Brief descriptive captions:
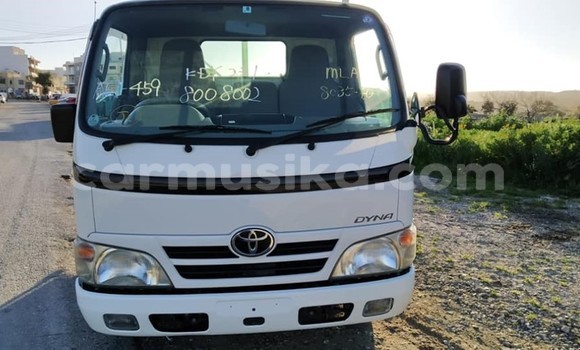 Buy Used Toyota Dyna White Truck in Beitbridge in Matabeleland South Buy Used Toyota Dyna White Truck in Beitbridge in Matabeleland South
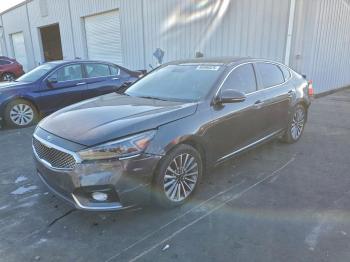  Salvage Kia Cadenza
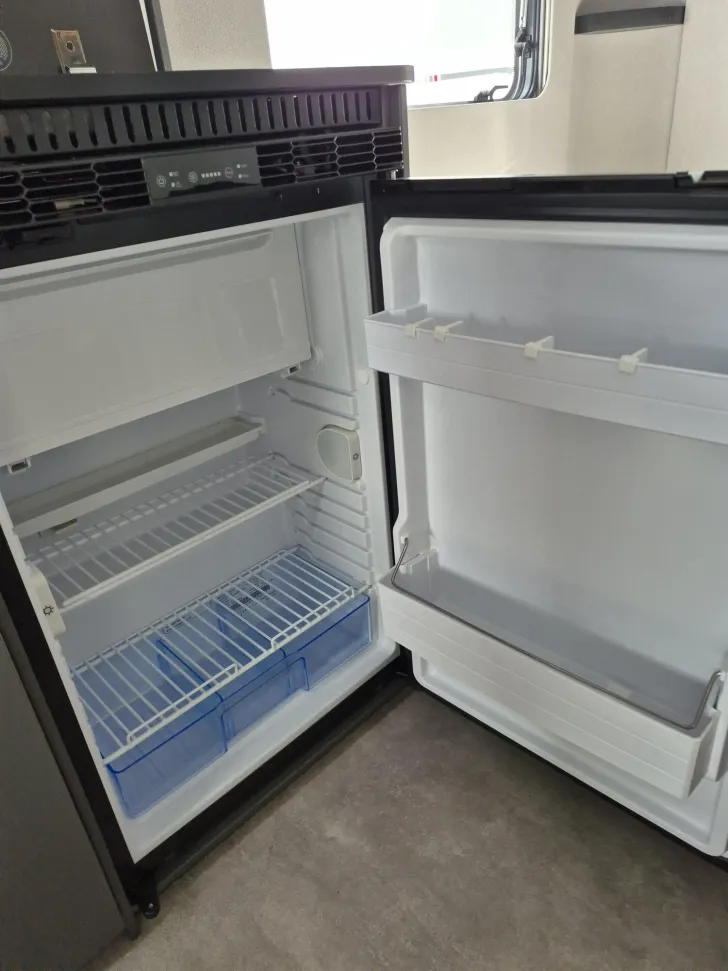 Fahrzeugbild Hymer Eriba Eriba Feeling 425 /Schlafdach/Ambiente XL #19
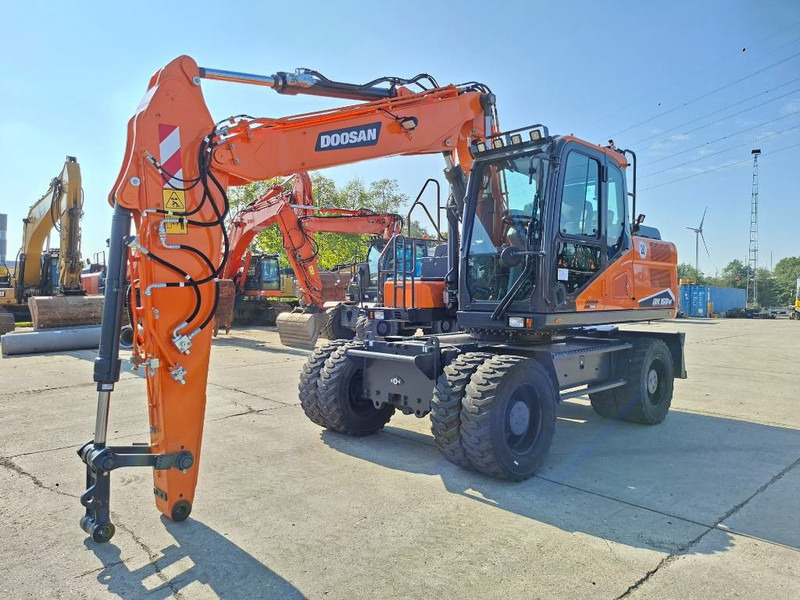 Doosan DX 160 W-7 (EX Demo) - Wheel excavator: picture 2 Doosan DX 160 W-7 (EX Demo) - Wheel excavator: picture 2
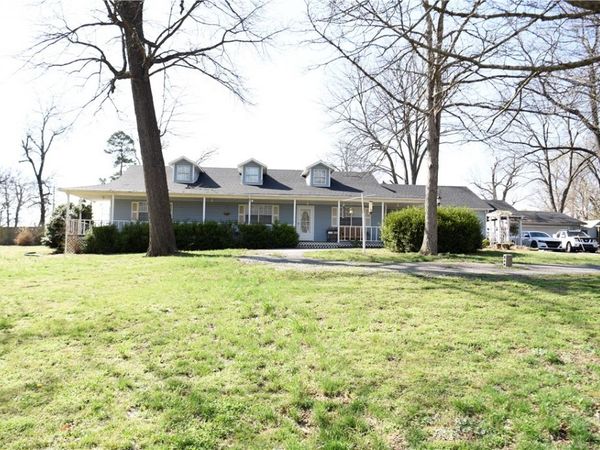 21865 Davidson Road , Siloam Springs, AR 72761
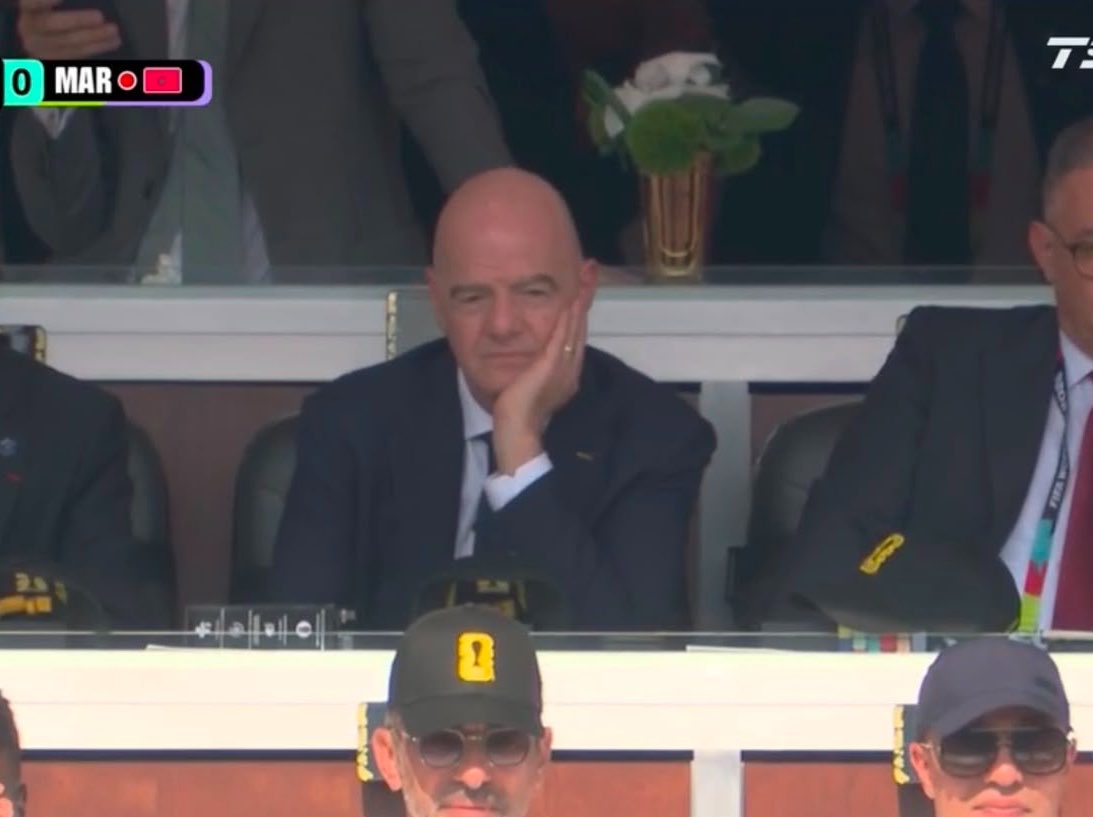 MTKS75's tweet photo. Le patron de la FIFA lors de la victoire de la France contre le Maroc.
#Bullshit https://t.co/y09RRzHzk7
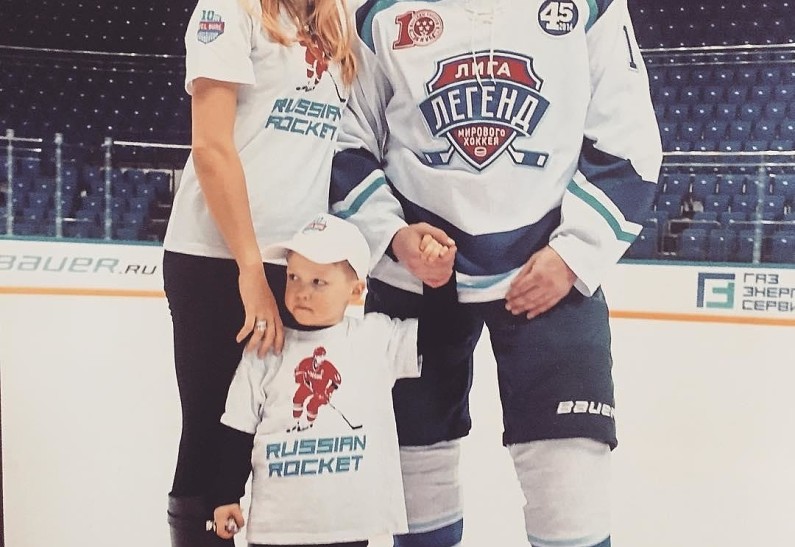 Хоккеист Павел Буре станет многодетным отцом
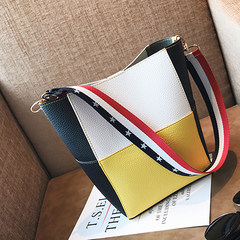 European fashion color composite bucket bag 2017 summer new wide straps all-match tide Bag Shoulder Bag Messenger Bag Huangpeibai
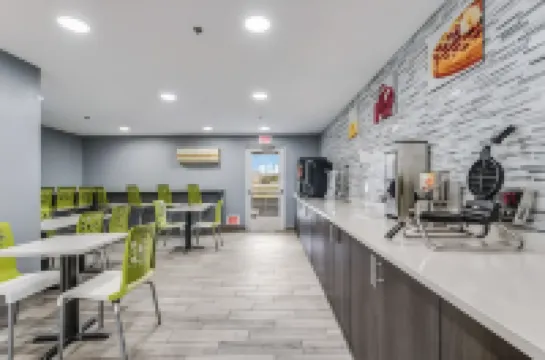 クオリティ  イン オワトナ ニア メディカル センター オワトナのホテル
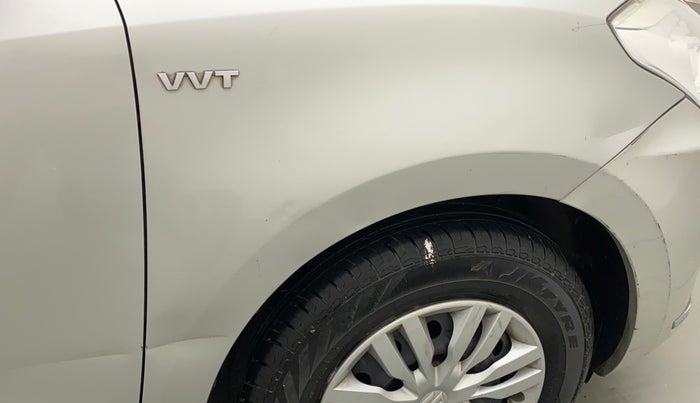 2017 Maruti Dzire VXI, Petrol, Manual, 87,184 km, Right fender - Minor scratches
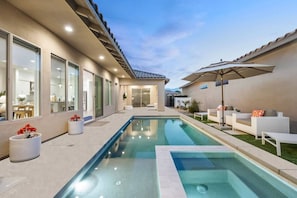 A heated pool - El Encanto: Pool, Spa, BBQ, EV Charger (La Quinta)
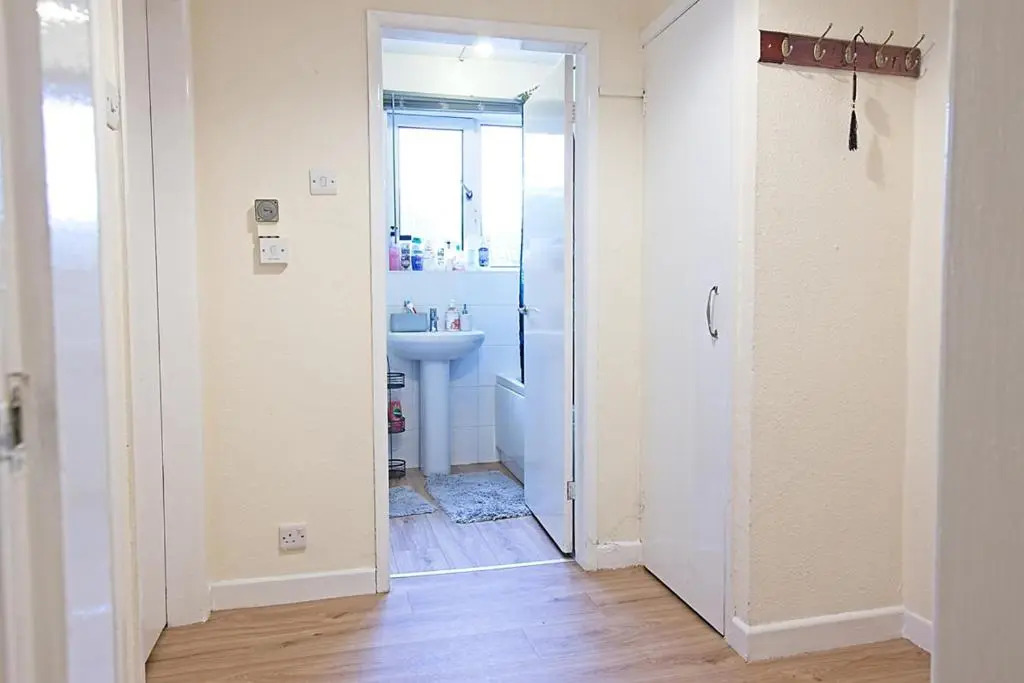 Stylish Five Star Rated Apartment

*Assignment*
Exactly repeat only the lines from the one with "2017 Maruti Dzire" to the closing line above, both included, and omit every picture.

*Written reply*
 2017 Maruti Dzire VXI, Petrol, Manual, 87,184 km, Right fender - Minor scratches
 A heated pool - El Encanto: Pool, Spa, BBQ, EV Charger (La Quinta)
 Stylish Five Star Rated Apartment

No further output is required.